Faire face à l’adversité

Si le restaurant a dû initialement adapter son menu pour offrir des mets pour emporter, tels que des pizzas et des ailes de poulet, M. Sakho a été surpris de constater que sa clientèle exigeait les plats traditionnels qu’elle appréciait tant dans la salle à manger.

« Nos clients demandaient nos plats de poisson, de viande et de fruits de mer, mais nous n’étions pas préparés du tout. On livrait nos mets dans les mêmes assiettes que nous utilisions au restaurant, les couvrant de papier d’aluminium », raconte M. Sakho, disant se fier au civisme de ses clients pour rapporter les assiettes au restaurant après utilisation. « Ce n’était pas pratique du tout, avoue-t-il en riant, mais je ne me voyais pas servir des bons plats de filet mignon et de fruits de mer dans des assiettes en aluminium ! »

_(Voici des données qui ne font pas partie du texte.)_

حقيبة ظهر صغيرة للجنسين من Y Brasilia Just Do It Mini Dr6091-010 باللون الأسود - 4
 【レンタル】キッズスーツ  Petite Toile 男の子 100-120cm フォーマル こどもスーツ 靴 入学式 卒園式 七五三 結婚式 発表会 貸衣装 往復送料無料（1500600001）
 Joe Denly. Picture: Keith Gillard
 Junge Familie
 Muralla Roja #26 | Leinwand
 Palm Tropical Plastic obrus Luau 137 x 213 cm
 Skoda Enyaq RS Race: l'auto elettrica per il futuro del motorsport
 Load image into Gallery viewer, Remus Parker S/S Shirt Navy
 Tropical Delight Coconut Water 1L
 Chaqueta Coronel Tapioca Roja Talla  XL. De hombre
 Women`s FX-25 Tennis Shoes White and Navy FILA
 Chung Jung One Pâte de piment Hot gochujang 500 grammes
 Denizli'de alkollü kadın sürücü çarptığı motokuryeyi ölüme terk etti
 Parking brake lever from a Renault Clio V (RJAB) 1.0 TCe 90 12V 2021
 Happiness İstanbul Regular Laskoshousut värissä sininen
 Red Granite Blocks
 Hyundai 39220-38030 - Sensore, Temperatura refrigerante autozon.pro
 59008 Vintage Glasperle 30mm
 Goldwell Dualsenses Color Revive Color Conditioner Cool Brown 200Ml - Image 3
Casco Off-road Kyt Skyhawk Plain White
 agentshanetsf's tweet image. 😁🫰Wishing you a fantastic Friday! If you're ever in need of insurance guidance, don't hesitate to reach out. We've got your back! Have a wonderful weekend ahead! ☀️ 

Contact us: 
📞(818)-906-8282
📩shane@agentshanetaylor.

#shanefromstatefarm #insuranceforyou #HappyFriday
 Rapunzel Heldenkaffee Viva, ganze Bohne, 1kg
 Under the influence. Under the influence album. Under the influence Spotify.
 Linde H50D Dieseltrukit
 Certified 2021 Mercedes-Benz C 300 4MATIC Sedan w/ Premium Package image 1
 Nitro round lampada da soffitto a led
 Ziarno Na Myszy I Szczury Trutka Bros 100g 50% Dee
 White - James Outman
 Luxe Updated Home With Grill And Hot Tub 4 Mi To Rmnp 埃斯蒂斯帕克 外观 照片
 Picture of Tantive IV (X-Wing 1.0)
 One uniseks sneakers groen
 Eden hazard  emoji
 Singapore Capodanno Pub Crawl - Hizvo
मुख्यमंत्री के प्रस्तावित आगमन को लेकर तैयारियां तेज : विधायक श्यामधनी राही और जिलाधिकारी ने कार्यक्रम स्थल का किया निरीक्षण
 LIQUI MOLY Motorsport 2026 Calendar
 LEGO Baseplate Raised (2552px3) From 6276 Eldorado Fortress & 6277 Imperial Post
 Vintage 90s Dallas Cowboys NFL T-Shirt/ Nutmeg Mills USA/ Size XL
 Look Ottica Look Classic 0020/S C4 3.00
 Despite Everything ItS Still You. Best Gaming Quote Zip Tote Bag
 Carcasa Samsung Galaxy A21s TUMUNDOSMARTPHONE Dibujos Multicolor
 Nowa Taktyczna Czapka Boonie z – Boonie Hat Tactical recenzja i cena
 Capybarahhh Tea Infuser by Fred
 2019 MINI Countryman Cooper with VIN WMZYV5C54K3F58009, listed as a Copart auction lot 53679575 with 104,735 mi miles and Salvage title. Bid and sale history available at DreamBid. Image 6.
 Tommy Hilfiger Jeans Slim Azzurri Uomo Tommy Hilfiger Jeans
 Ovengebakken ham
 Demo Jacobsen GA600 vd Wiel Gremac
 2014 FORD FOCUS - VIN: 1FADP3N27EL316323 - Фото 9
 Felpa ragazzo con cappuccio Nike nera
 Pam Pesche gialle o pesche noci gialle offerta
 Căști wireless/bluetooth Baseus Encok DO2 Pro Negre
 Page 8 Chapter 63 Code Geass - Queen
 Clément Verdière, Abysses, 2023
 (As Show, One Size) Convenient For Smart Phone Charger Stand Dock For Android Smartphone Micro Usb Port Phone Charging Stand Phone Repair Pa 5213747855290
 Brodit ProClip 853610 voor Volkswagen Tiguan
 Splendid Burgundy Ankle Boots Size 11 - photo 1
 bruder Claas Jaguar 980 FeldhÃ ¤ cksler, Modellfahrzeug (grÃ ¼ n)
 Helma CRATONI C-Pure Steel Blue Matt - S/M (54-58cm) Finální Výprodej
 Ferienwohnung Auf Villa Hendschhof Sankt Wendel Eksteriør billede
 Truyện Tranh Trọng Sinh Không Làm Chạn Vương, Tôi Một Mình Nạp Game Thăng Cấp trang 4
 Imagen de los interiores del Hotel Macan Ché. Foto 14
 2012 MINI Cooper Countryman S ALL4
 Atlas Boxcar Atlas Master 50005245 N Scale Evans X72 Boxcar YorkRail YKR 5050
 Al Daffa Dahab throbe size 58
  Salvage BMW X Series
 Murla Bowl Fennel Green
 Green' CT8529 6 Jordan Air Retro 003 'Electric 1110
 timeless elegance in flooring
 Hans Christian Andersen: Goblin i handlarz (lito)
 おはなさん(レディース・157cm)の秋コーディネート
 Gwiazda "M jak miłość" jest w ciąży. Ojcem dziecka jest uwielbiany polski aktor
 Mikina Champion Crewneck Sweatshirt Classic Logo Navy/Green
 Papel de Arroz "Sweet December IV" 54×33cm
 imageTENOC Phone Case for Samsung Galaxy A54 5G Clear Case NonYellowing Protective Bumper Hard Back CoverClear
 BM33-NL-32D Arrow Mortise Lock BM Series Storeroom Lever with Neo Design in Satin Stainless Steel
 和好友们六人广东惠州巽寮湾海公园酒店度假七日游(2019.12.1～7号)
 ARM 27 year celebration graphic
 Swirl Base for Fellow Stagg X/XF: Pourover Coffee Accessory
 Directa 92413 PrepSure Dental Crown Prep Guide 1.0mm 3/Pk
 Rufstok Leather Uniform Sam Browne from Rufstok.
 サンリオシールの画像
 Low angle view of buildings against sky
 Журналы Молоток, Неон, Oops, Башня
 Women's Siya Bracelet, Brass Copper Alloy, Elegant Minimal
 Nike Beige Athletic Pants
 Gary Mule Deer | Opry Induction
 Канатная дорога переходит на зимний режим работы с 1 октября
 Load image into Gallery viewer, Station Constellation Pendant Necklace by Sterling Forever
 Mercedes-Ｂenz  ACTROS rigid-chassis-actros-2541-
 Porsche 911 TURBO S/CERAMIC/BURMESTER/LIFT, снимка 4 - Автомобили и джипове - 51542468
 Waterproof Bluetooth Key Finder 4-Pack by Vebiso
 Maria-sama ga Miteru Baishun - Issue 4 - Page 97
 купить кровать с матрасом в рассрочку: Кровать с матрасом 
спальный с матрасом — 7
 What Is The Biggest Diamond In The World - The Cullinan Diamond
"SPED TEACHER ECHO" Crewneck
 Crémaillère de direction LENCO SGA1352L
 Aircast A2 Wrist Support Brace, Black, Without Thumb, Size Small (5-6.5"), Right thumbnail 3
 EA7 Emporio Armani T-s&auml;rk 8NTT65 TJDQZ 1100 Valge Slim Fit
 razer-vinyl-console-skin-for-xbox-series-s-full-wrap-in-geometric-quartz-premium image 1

« Les livraisons et les take out nous ont sauvé la vie, nous avons eu une réponse extraordinaire ! On était une petite équipe, mais tout le monde a aidé pour y arriver. Ma grande fille de 22 ans nous aide encore beaucoup aujourd’hui », dit M. Sakho avec fierté, précisant qu’actuellement ses quinze employés sont de retour au travail.

M. Sakho reconnaît la chance qu’il a de se trouver dans une zone moins touchée par la COVID-19. Contrairement à des restaurateurs en zone rouge, il a vu ses ventes augmenter en raison du nombre de visiteurs dans la région l’été dernier.

« Je peux dire que nous avons eu une très bonne année, bien que nous enregistrions une baisse d'environ 15 % des ventes depuis le début de la pandemie. Toutefois, je pense à mes confrères qui sont en zone rouge qui n’ont pas eu la même chance, leur situation est déplorable. Je crois que quand on se compare, on se console », note-t-il.